- _The records_:
━━━━━━━━━━━━━━━━━━━━━━━━━━━━━━
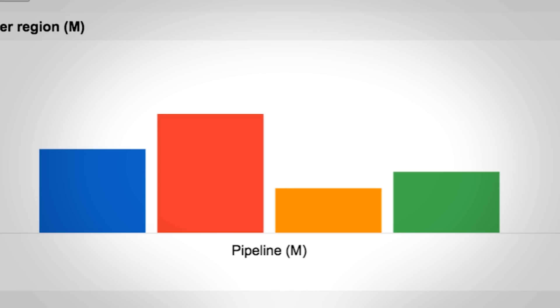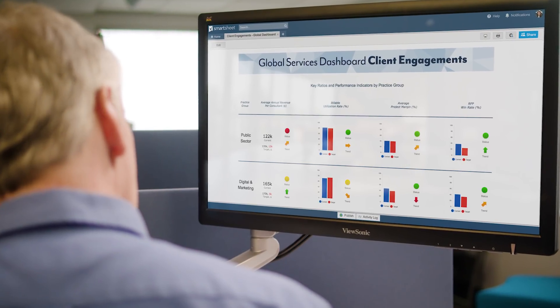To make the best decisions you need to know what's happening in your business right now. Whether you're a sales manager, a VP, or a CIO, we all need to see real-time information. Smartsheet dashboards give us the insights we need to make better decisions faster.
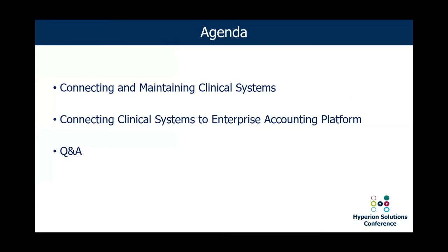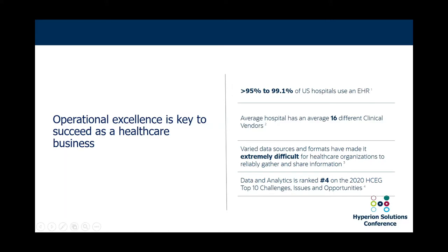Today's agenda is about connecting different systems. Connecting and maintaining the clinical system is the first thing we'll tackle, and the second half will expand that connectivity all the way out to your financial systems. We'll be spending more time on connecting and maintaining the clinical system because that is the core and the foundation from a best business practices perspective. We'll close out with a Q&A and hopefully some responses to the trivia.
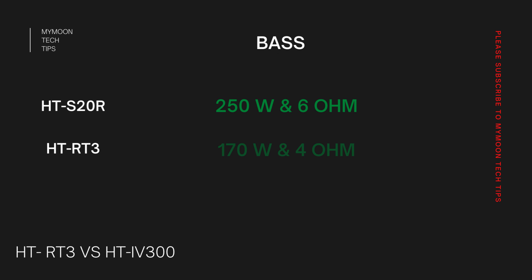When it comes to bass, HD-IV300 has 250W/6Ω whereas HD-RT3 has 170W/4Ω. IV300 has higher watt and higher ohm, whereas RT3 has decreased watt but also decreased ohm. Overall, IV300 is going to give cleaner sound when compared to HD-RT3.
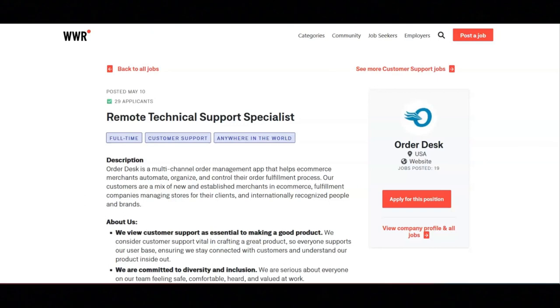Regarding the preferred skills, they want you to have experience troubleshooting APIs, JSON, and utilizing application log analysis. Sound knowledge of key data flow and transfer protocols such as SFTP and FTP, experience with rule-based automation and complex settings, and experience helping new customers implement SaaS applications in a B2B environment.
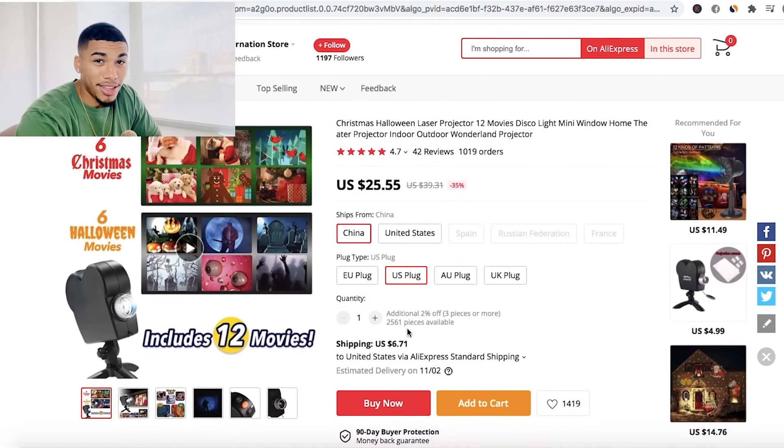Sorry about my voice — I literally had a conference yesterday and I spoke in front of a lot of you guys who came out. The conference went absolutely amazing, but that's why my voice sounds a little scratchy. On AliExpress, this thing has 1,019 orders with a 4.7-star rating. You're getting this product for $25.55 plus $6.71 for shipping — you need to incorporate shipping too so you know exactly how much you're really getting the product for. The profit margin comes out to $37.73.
━━━━━━━━━━━━━━━━━━━━━━━━━━━━━━
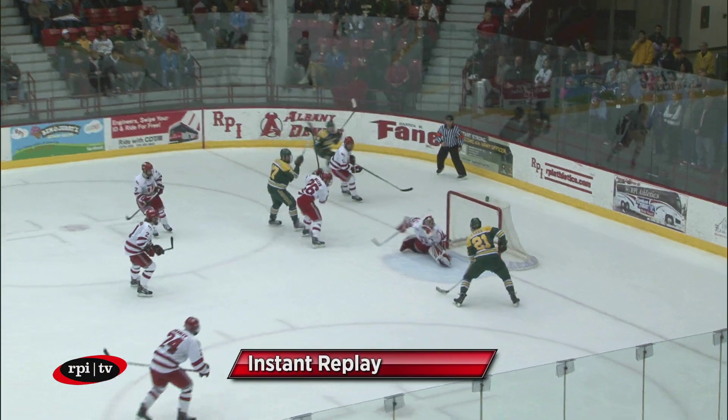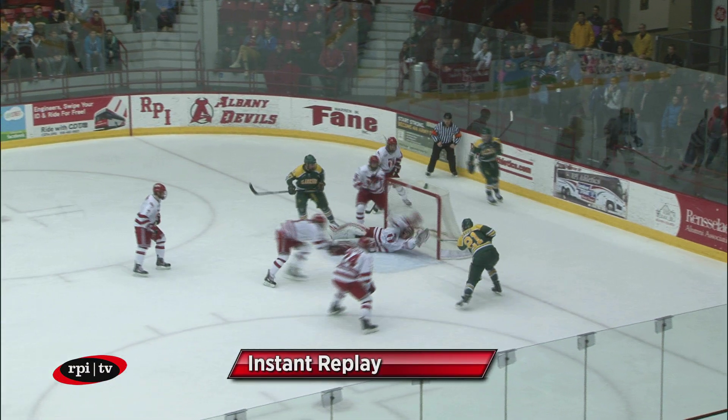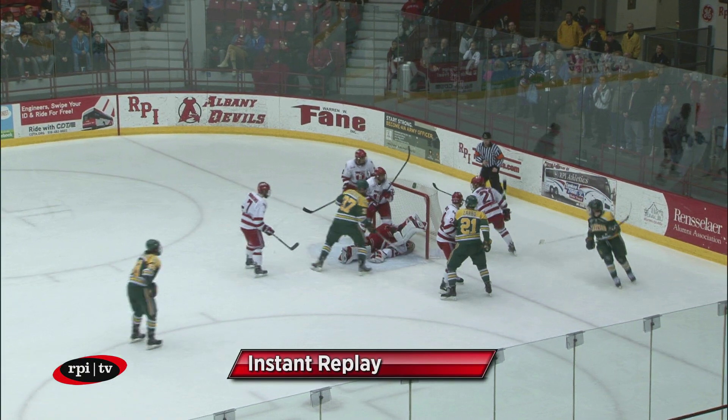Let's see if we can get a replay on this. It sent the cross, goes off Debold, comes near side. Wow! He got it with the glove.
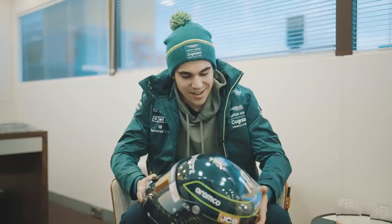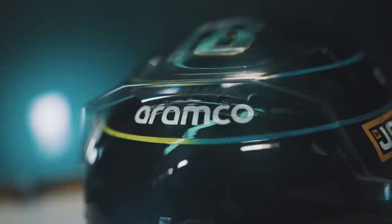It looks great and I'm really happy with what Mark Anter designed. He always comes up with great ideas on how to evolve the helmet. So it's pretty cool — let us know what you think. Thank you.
━━━━━━━━━━━━━━━━━━━━━━━━━━━━━━
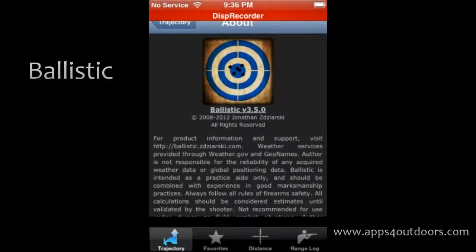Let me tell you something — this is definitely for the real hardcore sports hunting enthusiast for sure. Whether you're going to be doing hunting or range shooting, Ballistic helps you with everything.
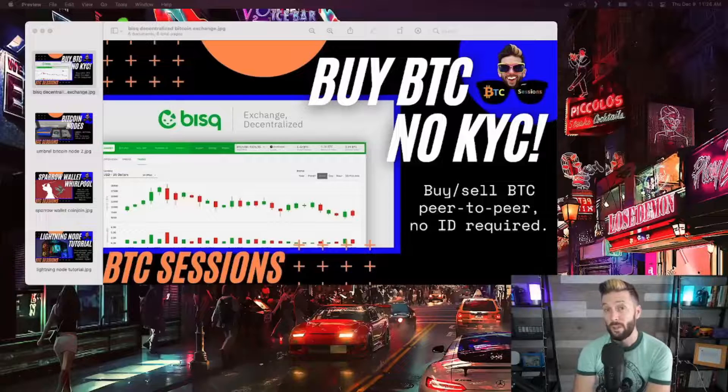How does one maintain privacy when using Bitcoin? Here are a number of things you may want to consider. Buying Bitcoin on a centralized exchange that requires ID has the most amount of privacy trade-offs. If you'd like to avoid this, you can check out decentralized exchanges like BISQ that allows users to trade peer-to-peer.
━━━━━━━━━━━━━━━━━━━━━━━━━━━━━━
- _What is expected_: Only the lines above starting with the line with "Today's agenda is" and going on through the line with "Regarding the preferred" belong in the answer; repeat them exactly, minus any picture.

- _Worked solution_:
Today's agenda is about connecting different systems. Connecting and maintaining the clinical system is the first thing we'll tackle, and the second half will expand that connectivity all the way out to your financial systems. We'll be spending more time on connecting and maintaining the clinical system because that is the core and the foundation from a best business practices perspective. We'll close out with a Q&A and hopefully some responses to the trivia.
When it comes to bass, HD-IV300 has 250W/6Ω whereas HD-RT3 has 170W/4Ω. IV300 has higher watt and higher ohm, whereas RT3 has decreased watt but also decreased ohm. Overall, IV300 is going to give cleaner sound when compared to HD-RT3.
Regarding the preferred skills, they want you to have experience troubleshooting APIs, JSON, and utilizing application log analysis. Sound knowledge of key data flow and transfer protocols such as SFTP and FTP, experience with rule-based automation and complex settings, and experience helping new customers implement SaaS applications in a B2B environment.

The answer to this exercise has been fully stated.